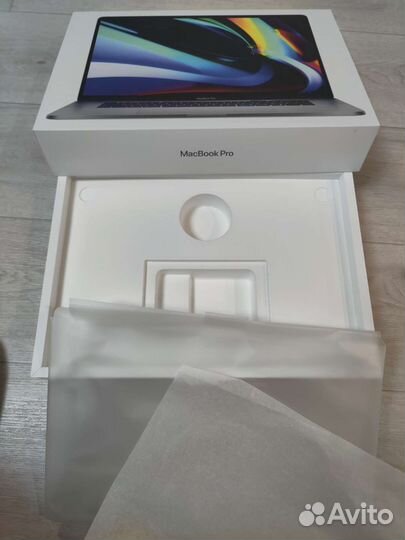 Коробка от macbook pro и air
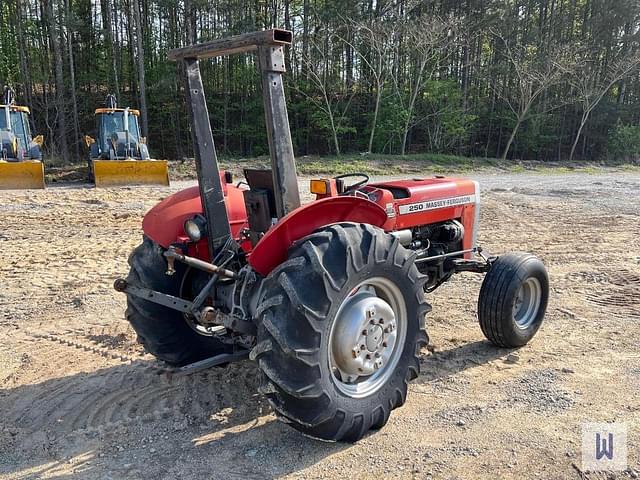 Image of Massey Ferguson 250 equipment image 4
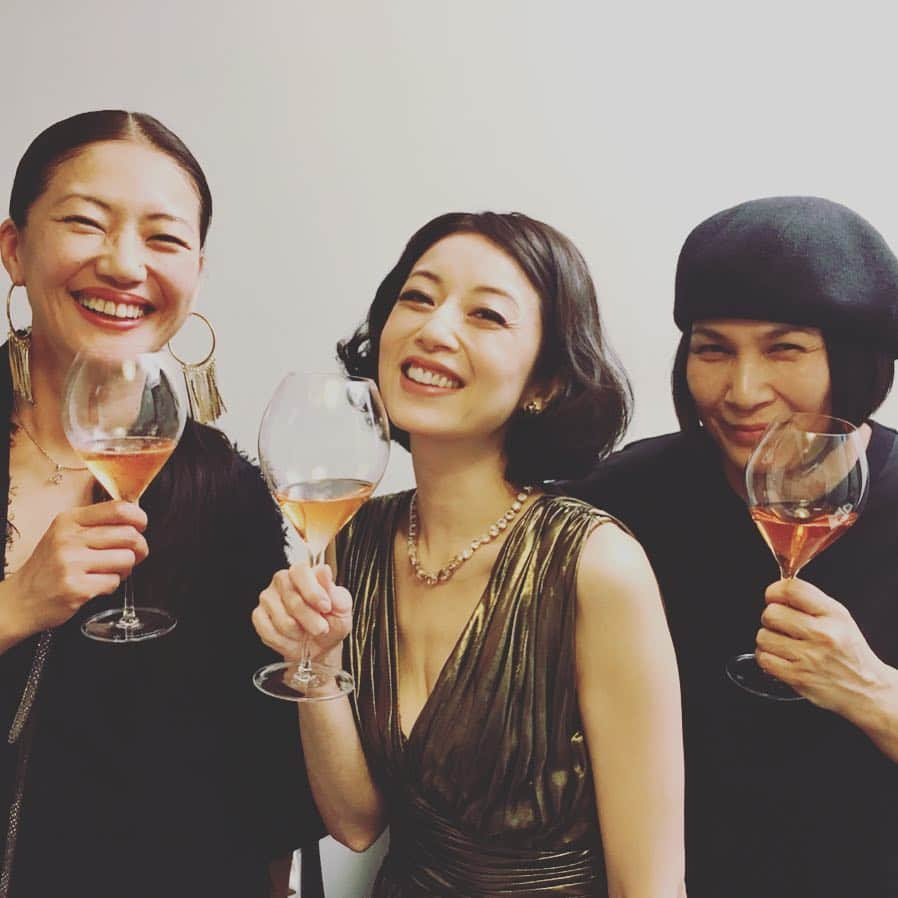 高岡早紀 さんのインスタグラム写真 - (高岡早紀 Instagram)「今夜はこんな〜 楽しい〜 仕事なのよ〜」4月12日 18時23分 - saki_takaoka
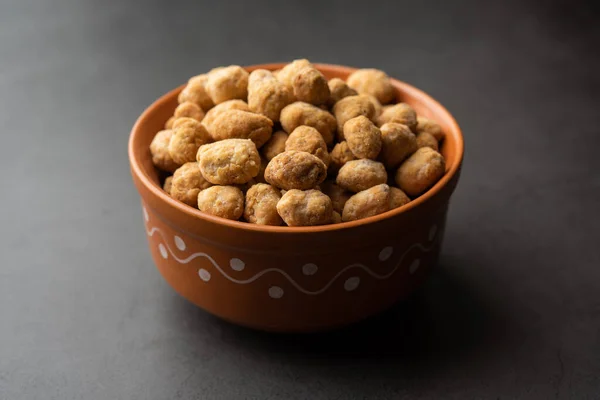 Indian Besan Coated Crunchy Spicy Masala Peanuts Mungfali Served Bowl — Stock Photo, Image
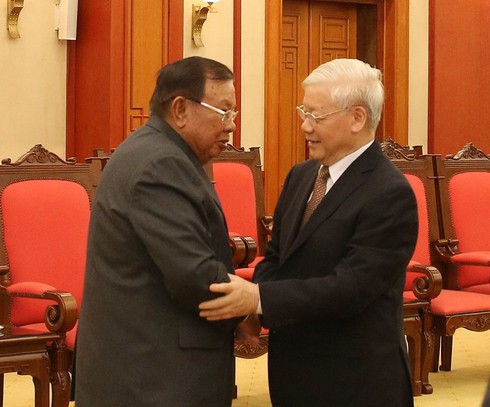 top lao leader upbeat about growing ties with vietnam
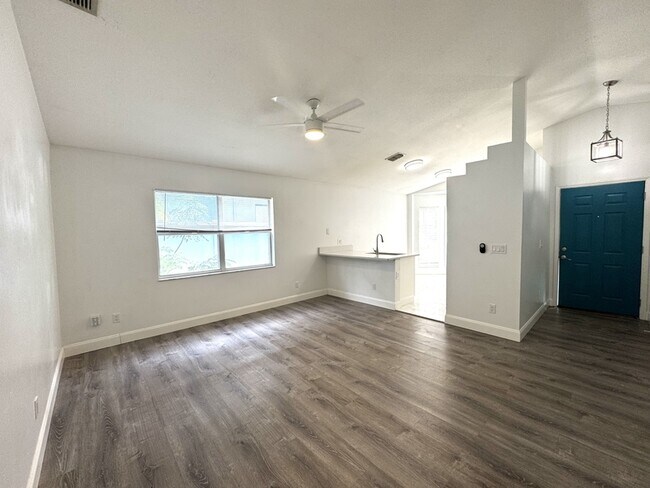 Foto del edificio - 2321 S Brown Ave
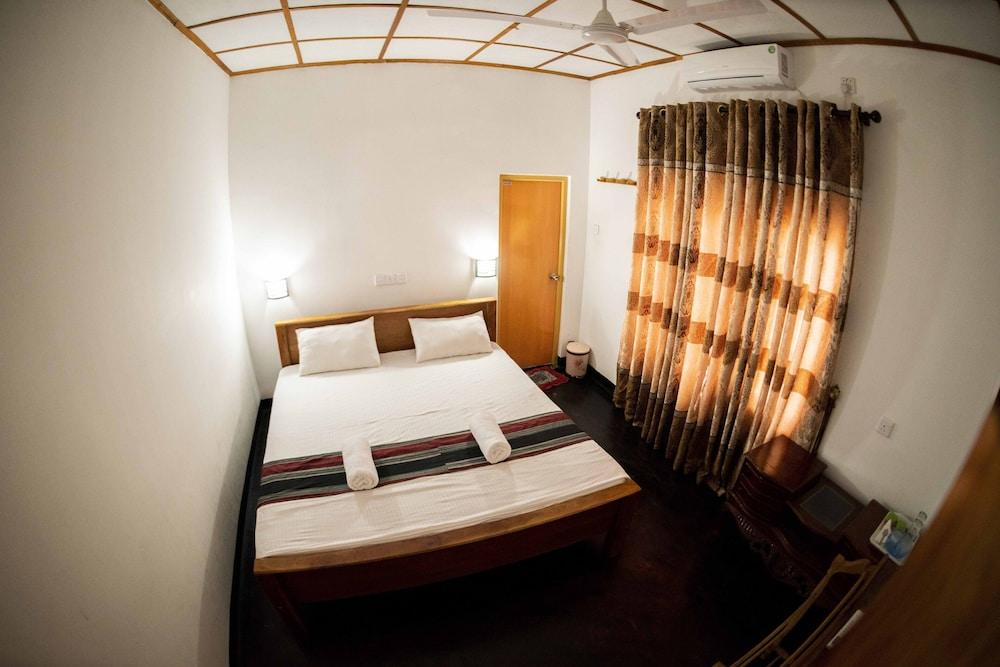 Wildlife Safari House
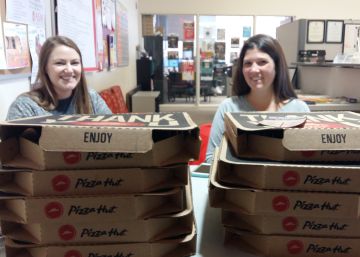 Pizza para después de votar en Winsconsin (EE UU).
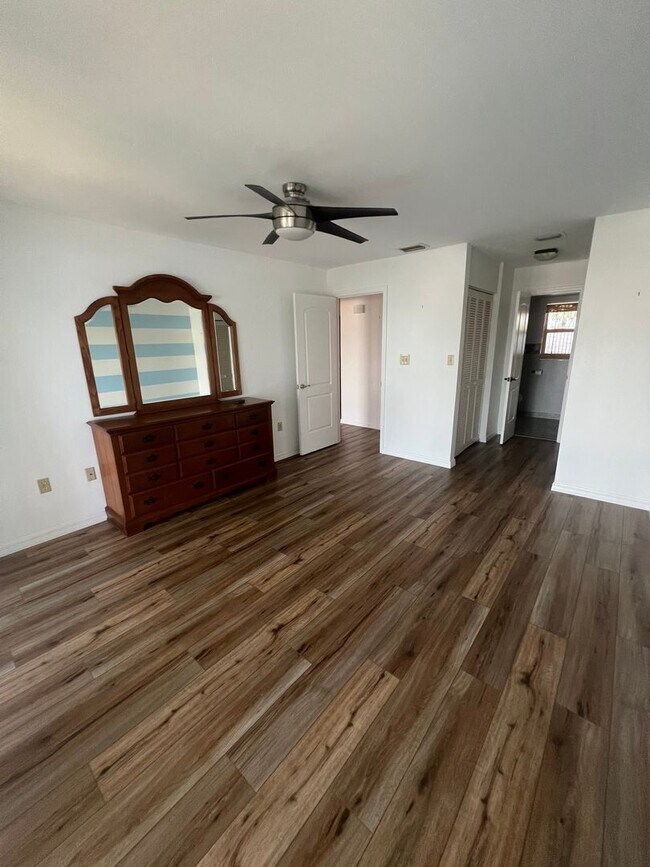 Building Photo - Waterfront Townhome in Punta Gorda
━━━━━━━━
* [Try it]:
Write out exactly the lines from the one containing "Wildlife Safari House" through the last line of the records above, both ends included, and leave out any pictures.

* [Solution to this exercise]:
 Wildlife Safari House
 Pizza para después de votar en Winsconsin (EE UU).
 Building Photo - Waterfront Townhome in Punta Gorda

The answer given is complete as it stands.